Chocada, Elizabeth olhou para ele. Ninguém mandava nela desse jeito. Resolveu comer a inocente vagem. — Já disse para tirar a mão daí.
Elizabeth abaixou o garfo. Os dois se encararam, desafiando. A atmosfera mudou.
Não era mais de companheirismo alegre entre chefe e assistente. Uma tensão quase sexual envolvia os dois. As palavras escondiam segundas intenções. Os olhos dele mediam a mulher.
Elizabeth devolveu o olhar. A pobre e humilde vagem estava esquecida no prato.
Levantou o garfo para espetá-la, mas Ellyus tirou o garfo de sua mão.
— Nem tudo é o que parece, minha querida Eilis.
— Não sei do que está falando.
— Esta coisinha inocente é a pimenta mais ardida do Danúbio.
— Conheço vagem. Não sou boba.
— Se tivesse nascido na Sérvia e se criado comendo uma todo dia, talvez conseguisse engoli-la, como quer. — Mudou de tom. — Não sei por que teimam em botar essas coisas no prato. Ninguém vai comer mesmo! Acho que é para enganar os inocentes. Sempre tem alguém na mesa que não sabe como arde. Quase deixei você provar. Quase. Seria bem feito. Mas não queria estragar sua tarde. A maioria acredita que essa pimenta atiça o libido, dando aos casais uma experiência única.
— Como é que uma pimenta estragaria minha tarde? Um pouquinho de exagero, não é? E eu não acredito que uma simples pimenta possa fazer isso tudo.
— São dinamite. O bitter é refresco perto delas.
Tinham feito muita confusão por causa de uma pimenta, mas Elizabeth se sentia estranhamente alegre porque Ellyus se preocupava com seu bem-estar.
— Obrigada!... — Disse, tentando ser mais cordial e amável.
Enquanto brigavam, o céu começou a ficar nublado. Um ventinho forte começou a soprar, balançando os guarda-sóis. Elizabeth sentiu a mudança de temperatura e viu o pessoal se levantando, com os copos e xícaras nas mãos.
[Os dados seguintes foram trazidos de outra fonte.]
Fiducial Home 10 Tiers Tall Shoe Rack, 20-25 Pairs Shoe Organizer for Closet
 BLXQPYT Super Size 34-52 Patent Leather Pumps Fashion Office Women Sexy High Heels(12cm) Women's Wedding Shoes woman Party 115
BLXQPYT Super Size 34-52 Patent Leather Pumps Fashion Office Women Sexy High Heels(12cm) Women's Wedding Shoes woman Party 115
— Vamos embora. — Disse Ellyus. — Vai cair uma tempestade. Vamos pedir a sobremesa e o café no quarto.
Chegaram a tempo. Gotas grandes caíam no parapeito da janela. Elizabeth olhou para fora e conseguiu perceber como seria a vida do castelo. Soldados, empregados, vendedores, guardas, todos andando pelo pátio. E cavalos relinchando e...
Entraram com um carrinho de sobremesas. Ellyus cortou dois pedaços de torta de amêndoas e foi acender a lareira. Ela aceitou um cálice de tokay húngaro. Tudo no quarto a fazia sentir-se segura. Menos seus pensamentos. Não conseguia colocá-los no lugar. Podia perguntar se ele queria trabalhar, mas estava morrendo de preguiça. Gostaria de saber conversar coisinhas bobas, sem consequências para poder relaxarem um pouco.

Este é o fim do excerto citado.